In general, though, the pyramids sprang lots of surprises. And they offered the possibility of pleasures (or transgressions) that would be decidedly off limits back home.
Let me say to begin with, unlike so many “Wonders of the World,” they do not disappoint. They are absolutely vast and, at least if you view them one direction, they give every impression of being isolated in the trackless desert.
Visitors are not encouraged to look the other way, where the huge silhouettes appear not against the background of the camel-dotted sands, but against the suburbs of Cairo – and, in particular, against the distinctive colours of the Kentucky Fried Chicken outlet (Pyramids branch). It doubles with Pizza Hut if you go upstairs.
But, smell apart, the best bit was climbing inside, right into the burial chamber of the Great Pyramid. This is what British Health and Safety regulations would long ago have put a stop to. The climb is steep, with just a handrail and ridged wooden planking to help you. It’s fantastically hot, even in December. And for a good stretch of the way you have to crouch down and almost crawl along a low passage to reach the heart of the monument.
Heaven knows what would happen if you didn’t make it. There wasn’t a defebrilator, alarm, or any other of the paraphernalia of the nanny state in sight. It makes it all seem faintly ridiculous that some governmental Risk Assessment doesn’t allow the average visitor even to touch the stones of Stonehenge (might they fall down?), but insist that we gawp from a safe but boring distance.
Not that the Egyptian Antiquities Service makes a visit to the pyramids any easier than one to Stonehenge. You have to buy a ticket to get into the main area, pass through the metal detector and by the tourist police with their guns (Egypt gives a very plausible impression of being a relatively cheery police state, “for your protection, Sir” as they say). It’s only when you’ve climbed up to the entrance way on the pyramid itself that they tell you that you have to buy another ticket, from somewhere completely different, if you want to go inside. And it’s only when you have got back one more time, that they tell you that you can’t take your camera inside. It would clearly be asking for it to leave your precious digital on the little shelf suggested (when we went, it was the resting place for just one “throw-away” camera); so you have to climb down again to leave it in the car – or, as we did, disguise it in a make-up bag.

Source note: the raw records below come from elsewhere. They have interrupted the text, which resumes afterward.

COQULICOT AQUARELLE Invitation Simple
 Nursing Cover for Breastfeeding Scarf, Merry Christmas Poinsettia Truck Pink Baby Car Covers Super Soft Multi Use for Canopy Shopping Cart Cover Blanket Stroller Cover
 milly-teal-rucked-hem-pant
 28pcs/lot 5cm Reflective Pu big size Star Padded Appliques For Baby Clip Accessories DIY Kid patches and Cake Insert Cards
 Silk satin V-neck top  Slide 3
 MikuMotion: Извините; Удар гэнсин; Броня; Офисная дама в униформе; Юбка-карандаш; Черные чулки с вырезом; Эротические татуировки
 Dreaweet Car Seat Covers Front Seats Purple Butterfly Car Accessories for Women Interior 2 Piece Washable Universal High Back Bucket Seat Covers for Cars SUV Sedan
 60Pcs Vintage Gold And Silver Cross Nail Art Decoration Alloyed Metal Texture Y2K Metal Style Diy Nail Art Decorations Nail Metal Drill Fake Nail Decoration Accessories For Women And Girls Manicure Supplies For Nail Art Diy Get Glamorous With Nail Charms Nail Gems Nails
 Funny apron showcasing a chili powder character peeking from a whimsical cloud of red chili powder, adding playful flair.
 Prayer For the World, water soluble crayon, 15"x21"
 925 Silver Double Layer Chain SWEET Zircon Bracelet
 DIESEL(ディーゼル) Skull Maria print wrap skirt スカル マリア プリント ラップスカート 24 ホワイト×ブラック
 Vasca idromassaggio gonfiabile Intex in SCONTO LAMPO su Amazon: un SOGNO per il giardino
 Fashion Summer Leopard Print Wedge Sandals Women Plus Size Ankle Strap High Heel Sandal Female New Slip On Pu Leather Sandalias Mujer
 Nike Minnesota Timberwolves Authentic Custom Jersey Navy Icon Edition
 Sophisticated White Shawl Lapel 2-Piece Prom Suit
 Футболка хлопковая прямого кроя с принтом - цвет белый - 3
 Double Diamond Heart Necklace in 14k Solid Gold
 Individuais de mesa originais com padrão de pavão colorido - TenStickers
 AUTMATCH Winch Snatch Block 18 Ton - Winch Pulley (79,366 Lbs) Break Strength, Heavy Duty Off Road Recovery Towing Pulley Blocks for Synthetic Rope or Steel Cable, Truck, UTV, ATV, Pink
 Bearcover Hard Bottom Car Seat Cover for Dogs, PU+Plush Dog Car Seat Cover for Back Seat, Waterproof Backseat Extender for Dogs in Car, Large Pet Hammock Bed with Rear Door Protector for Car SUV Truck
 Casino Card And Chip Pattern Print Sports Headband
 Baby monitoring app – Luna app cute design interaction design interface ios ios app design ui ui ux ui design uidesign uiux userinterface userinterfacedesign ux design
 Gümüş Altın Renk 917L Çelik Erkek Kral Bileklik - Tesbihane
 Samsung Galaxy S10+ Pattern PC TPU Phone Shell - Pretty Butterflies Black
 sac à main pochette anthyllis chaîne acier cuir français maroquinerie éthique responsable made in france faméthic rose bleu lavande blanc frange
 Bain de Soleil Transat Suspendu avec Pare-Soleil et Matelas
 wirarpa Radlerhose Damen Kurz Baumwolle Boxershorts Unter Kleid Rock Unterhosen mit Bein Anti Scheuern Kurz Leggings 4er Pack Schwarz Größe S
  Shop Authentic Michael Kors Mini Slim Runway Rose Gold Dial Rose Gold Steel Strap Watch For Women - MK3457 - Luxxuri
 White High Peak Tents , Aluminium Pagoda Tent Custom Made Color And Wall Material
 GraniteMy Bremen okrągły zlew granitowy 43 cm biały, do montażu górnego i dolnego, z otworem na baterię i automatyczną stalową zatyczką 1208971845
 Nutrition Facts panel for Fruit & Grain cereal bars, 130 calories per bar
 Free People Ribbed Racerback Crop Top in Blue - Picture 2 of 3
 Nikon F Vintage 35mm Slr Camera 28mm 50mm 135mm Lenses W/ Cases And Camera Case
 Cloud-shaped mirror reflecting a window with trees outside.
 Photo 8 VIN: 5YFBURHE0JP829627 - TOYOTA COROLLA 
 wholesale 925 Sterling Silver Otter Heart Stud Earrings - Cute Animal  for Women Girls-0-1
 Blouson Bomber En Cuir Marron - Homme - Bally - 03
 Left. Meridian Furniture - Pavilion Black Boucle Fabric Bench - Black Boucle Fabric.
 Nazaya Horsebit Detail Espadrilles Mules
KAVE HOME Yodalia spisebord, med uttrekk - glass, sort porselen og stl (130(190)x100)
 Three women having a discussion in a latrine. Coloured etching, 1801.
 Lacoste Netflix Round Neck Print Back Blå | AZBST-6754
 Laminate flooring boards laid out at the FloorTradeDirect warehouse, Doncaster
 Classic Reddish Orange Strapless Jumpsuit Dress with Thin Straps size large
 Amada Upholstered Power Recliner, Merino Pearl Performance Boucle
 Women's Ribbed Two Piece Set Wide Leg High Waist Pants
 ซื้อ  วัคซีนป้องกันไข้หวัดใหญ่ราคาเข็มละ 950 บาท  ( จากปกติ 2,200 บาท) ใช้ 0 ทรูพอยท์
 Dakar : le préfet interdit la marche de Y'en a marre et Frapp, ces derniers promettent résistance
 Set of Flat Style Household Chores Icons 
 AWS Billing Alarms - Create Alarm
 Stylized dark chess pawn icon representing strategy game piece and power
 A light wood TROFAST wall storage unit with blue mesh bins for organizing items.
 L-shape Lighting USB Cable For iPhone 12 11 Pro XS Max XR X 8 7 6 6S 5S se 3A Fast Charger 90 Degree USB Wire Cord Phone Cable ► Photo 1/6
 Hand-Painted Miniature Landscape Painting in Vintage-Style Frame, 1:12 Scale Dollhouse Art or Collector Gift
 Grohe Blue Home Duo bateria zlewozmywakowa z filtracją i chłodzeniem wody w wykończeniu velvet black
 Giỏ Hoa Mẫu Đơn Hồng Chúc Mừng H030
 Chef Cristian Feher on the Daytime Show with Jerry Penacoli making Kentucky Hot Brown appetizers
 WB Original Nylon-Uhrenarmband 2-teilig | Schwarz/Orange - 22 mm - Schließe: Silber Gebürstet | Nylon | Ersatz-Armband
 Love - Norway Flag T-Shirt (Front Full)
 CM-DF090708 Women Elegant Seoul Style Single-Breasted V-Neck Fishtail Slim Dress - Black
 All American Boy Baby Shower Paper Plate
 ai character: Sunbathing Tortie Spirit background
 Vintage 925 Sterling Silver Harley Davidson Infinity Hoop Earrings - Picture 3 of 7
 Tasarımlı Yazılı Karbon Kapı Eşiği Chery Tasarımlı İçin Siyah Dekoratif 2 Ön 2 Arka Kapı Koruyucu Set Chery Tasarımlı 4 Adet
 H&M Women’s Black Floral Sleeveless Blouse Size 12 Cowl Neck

And all this has to be done, while avoiding the pushiest touts (plus camels) anywhere in the world. Exactly what scams they were trying to pull off wasn’t clear; but scams they certainly were. Our driver insisted, like an anxious parent of thoughtless adolescents, that we spoke to no-one, that we didn’t wander round the back of the monument (where presumably even worse scammers lay in wait) and that we didn’t hire the first camel from the first Bedouin we saw.
Still it was probably the most memorable sight I’ve ever seen. And December was the perfect time to visit. Apart from a handful of intrepid Europeans, most of the visitors were local school parties. The little girls sweated through the passages in their veils and headscarves. But (much to the annoyance of their teachers) found us rather more exotic and photogenic a sight than the antiquities.